Figure 5: Memory Plains Returning: Memory Forest by Adam Nash

As essentially a proof of concept, many formal technical considerations of working within the medium were well established, but the (virtually) linear navigation model and the lack of a real purpose beyond a technical proof of spatialised geometrical animations and sounds, or simply a technical demonstration of the medium’s post-convergent potential, clearly remained as problems. This needed urgent redress for the project to cohere and to adequately progress to achieve both Bolter and Grusin’s qualities of hypermediacy and immediacy (Bolter and Grusin 21-44). The hypermedia qualities of the work perhaps presented too readily, thereby preventing the ability of any immediacy, or sense of immersion. There was also a lack of affect that needed to be addressed. Was it related to the lack about pre-convergent uses of 3D MUVEs mentioned earlier; was that also a lack of affect arising from an uninquisitive use of a medium? Considering Memory Plains Returning as a container, it is useful to think of it in Deleuzian terms as a mode or complex relation of speed and slowness, where “Concretely, if you define bodies and thoughts as capacities for affecting and being affected, many things change” (Deleuze, Spinoza, 124).


Figure 6: Memory Plains Returning: Memory Plains by Adam Nash

A live (what would now be termed) mixed reality performance of Memory Plains Returning took place at several sites in the UK. There was a performer in the Cornerhouse Gallery in Manchester (Kema Ekpei), one in Bristol (Alex Bradley), and a performer at Folly Gallery in Lancaster (Adam Nash).
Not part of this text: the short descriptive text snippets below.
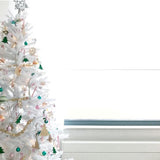 Kunstkerstboom Argos - 180cm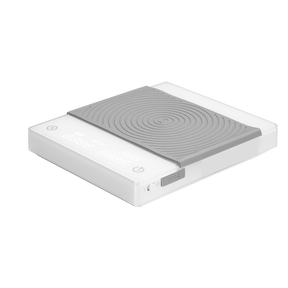 Timemore Black Mirror Basic 2 Coffee Scales - Sigma Coffee UK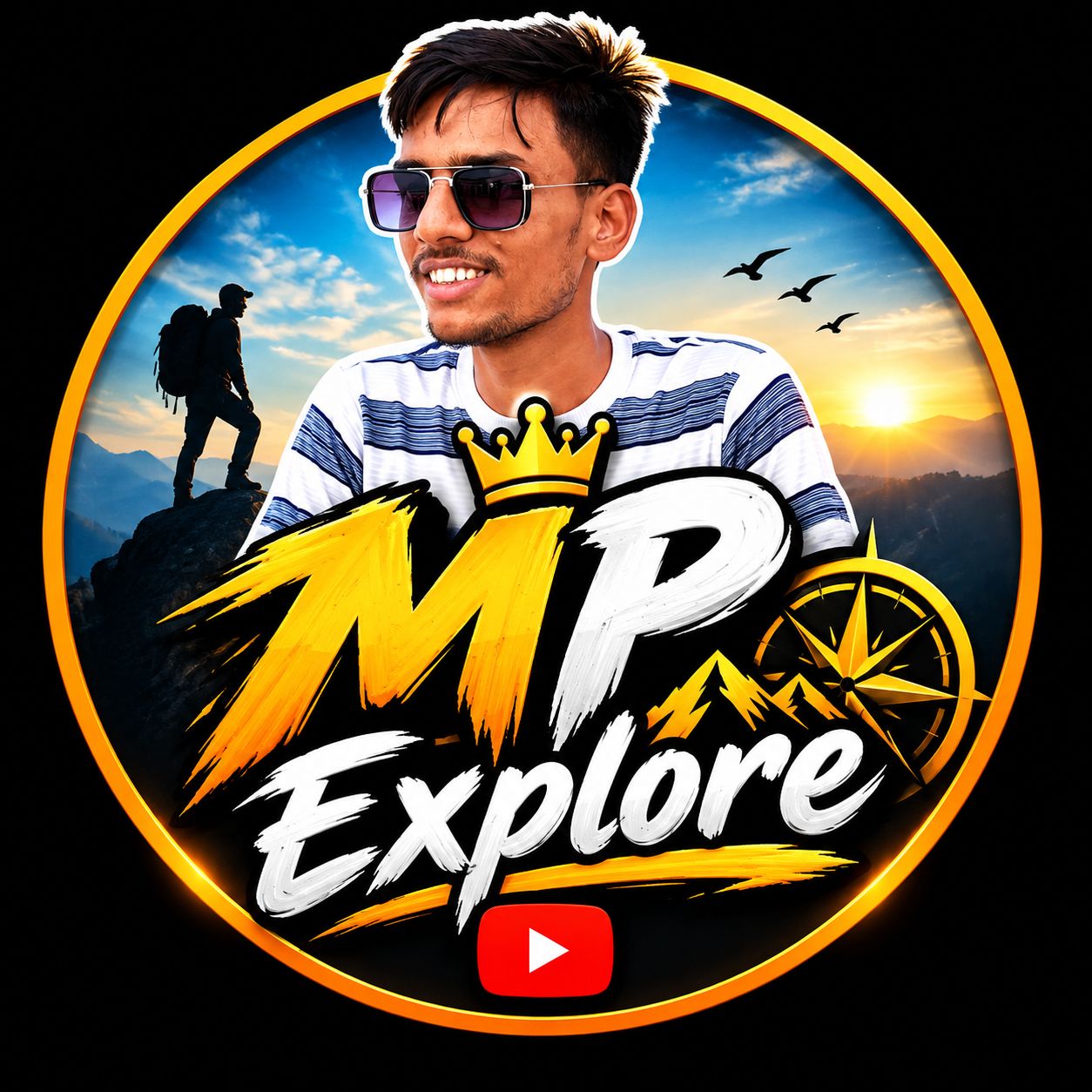 MP Explore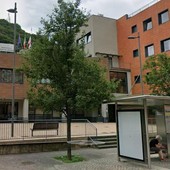 Staglieno, via libera al recupero dell’edicola votiva in via Vecchia: il Municipio Media Val Bisagno approva la mozione all’unanimità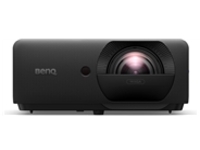 BenQ LW830ST - DLP projector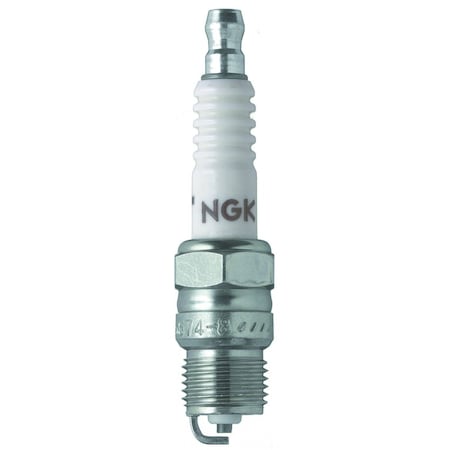 Ngk RACING SPARK PLUG(PR-EA/BX-4) 4449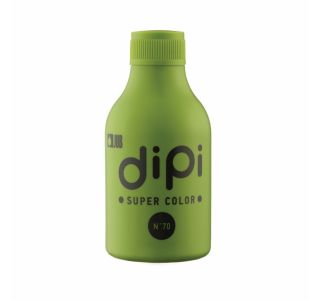 NIANSIRNO SREDSTVO JUB DIPI SUPER COLOR PISTACIJA 70 100 ML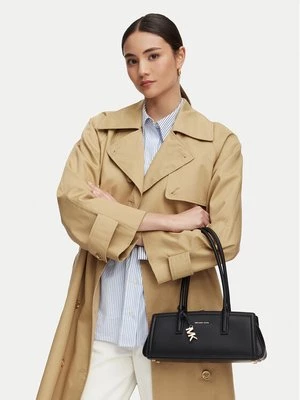 Obrázek produktu MICHAEL Michael Kors Kabelka Laila 30T6G9IT0L Černá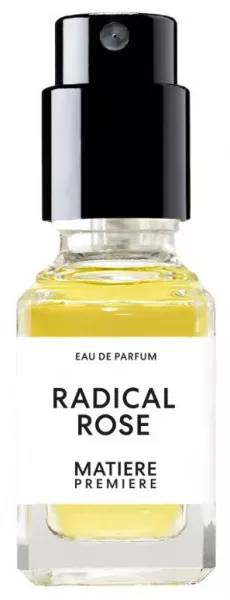 Radical Rose_6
Audiences came to either the Corner House Gallery in Manchester or the Folly Gallery in Lancaster. In evaluation, this was less than successful because audience unfamiliarity with the work and medium placed a strong performative expectation on the artists themselves to perform in the physical space. There was a lot of narrative conversation between the audience and myself (as artist/performer) about what was happening. This was because the audience was physically gathered in the galleries, watching me or the other performers log in. Had the audience logged in themselves, no explanation would be necessary other than navigational instructions. At the time these experiments were being carried out (2003), RT3D MUVEs were still a reasonably obscure phenomenon even within the digital or experimental art scene. That was the main lesson of the live performance. Later, from around 2006 onwards, the term mixed reality would enjoy some currency as an adequate description of this live event, and the expectation of a mixed reality performance has become so viable that audience/users will independently log in to experience the work.

As proof of concept, it was encouraging, with further experimentation recommended. Positive points displaying potential intrinsic qualities were the direct manipulation of scale, RGB colour space, opacity, lack of texture maps, and lack of anthropocentric scale of reference. Negative points were a lack of affect, and an episodic nature enforced by a somewhat linear navigation model.